Content starts
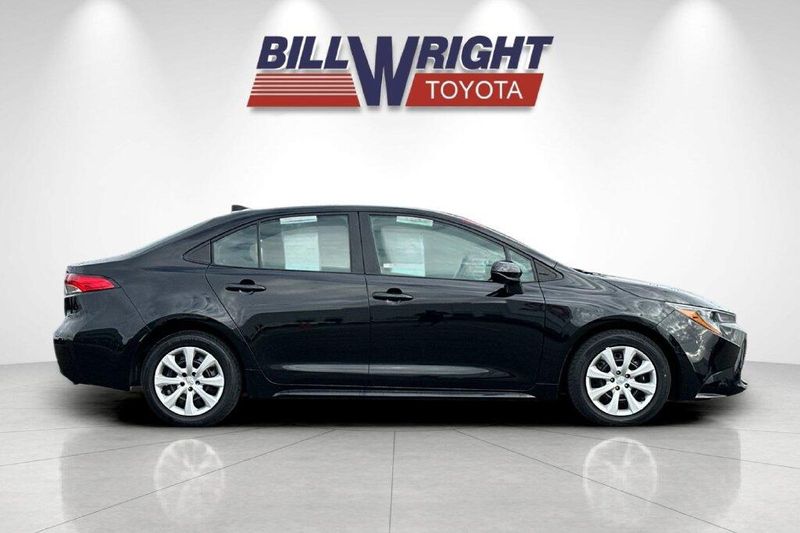 Used 2025 Toyota Corolla LEImage 2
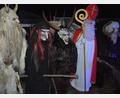 Bild: jr
Die „Grölldeifl“ und der Nikolaus waren am Montag in Neudorf beliebte Fotomotive.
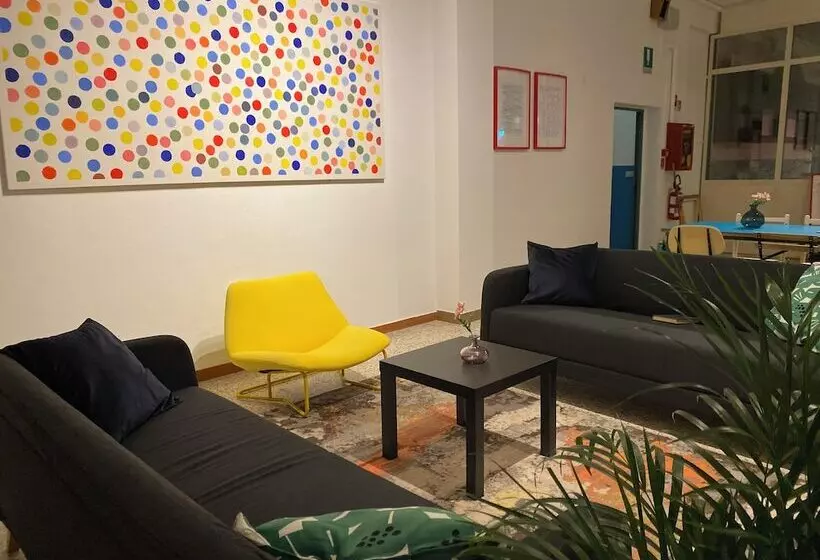 Meet Hostel Cervia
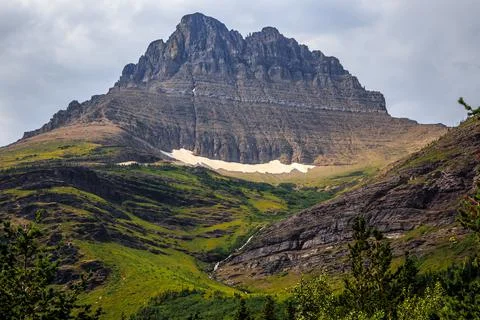Dramatic Mountain Views at Many Glacier with Mt Wilbur, Glacier National Park Foto stock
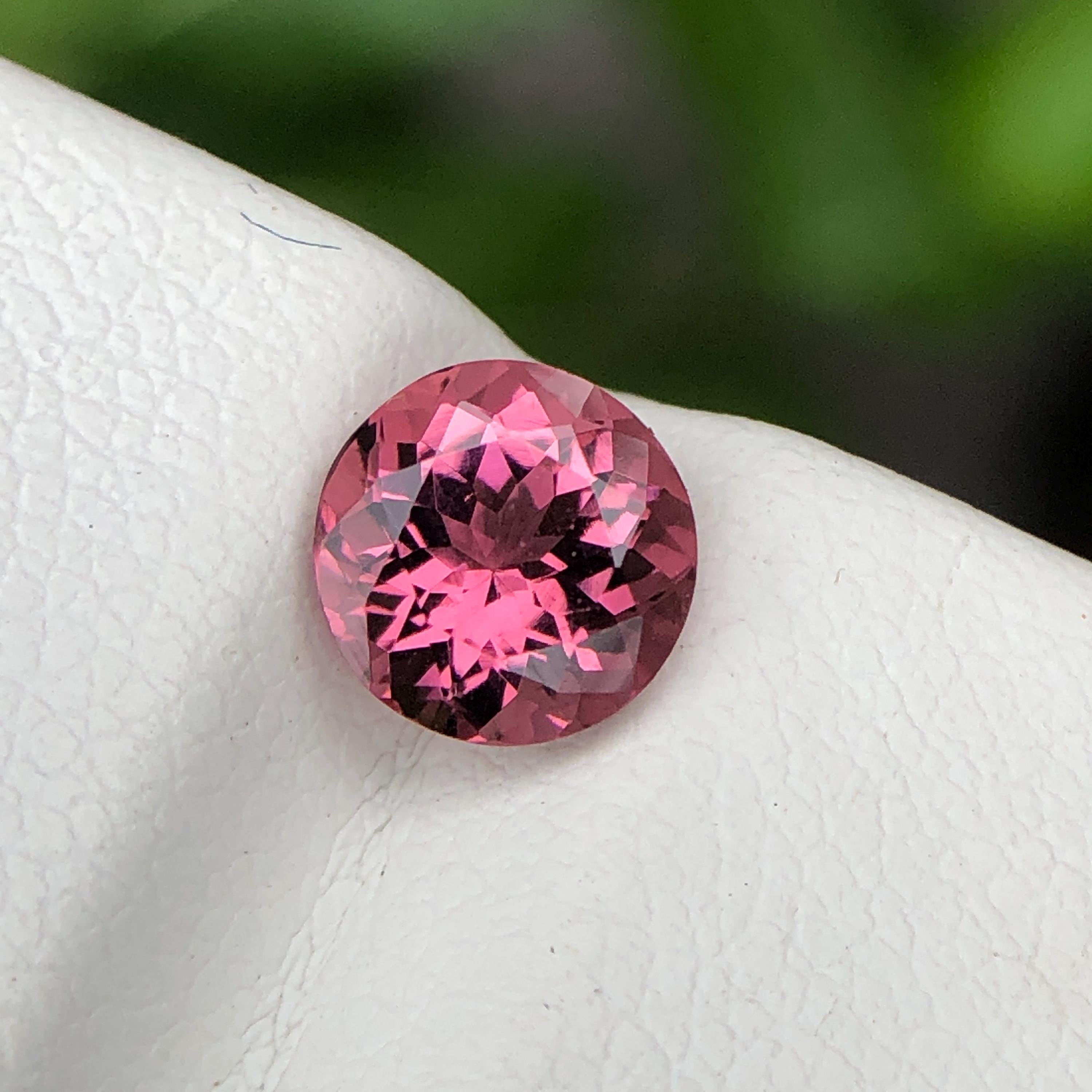 ブラジル産 天然ピンクトルマリン 0.78ct オーバルカット ルース 天然 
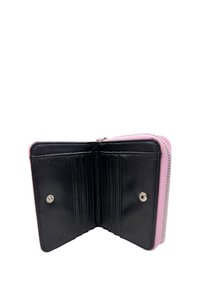 Portafoglio compatto con chiusura a zip, esterno rosa e interno nero, dotato di numerosi scomparti per carte e dettaglio con bottone a pressione.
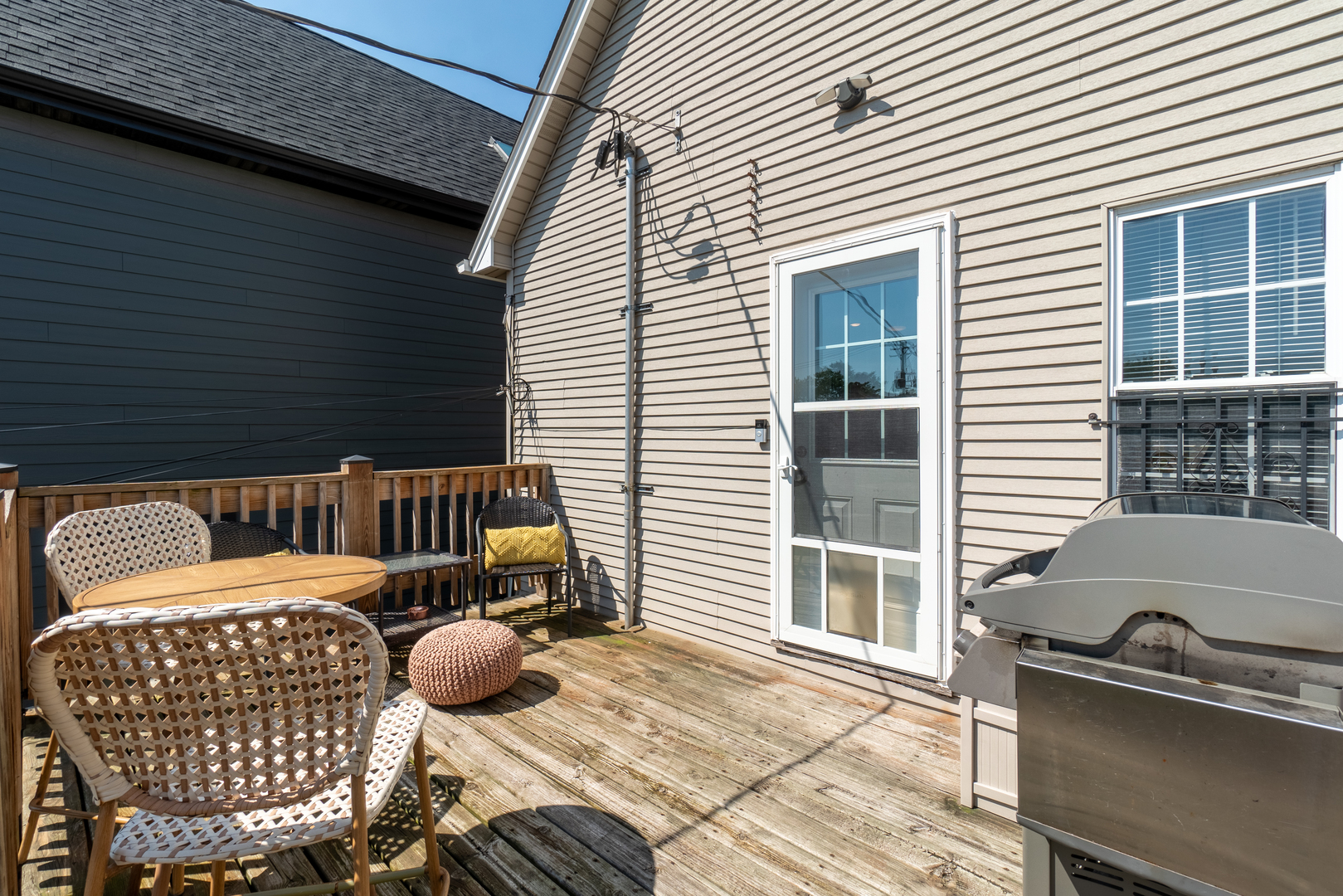 1925 N Whipple Street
Content ends
» Task prompt
Transcribe the listing word for word, but keep its pictures out of the copy.

» Response
 Used 2025 Toyota Corolla LEImage 2
 Bild: jr
Die „Grölldeifl“ und der Nikolaus waren am Montag in Neudorf beliebte Fotomotive.
 Meet Hostel Cervia
Dramatic Mountain Views at Many Glacier with Mt Wilbur, Glacier National Park Foto stock
 ブラジル産 天然ピンクトルマリン 0.78ct オーバルカット ルース 天然 
 Portafoglio compatto con chiusura a zip, esterno rosa e interno nero, dotato di numerosi scomparti per carte e dettaglio con bottone a pressione.
 1925 N Whipple Street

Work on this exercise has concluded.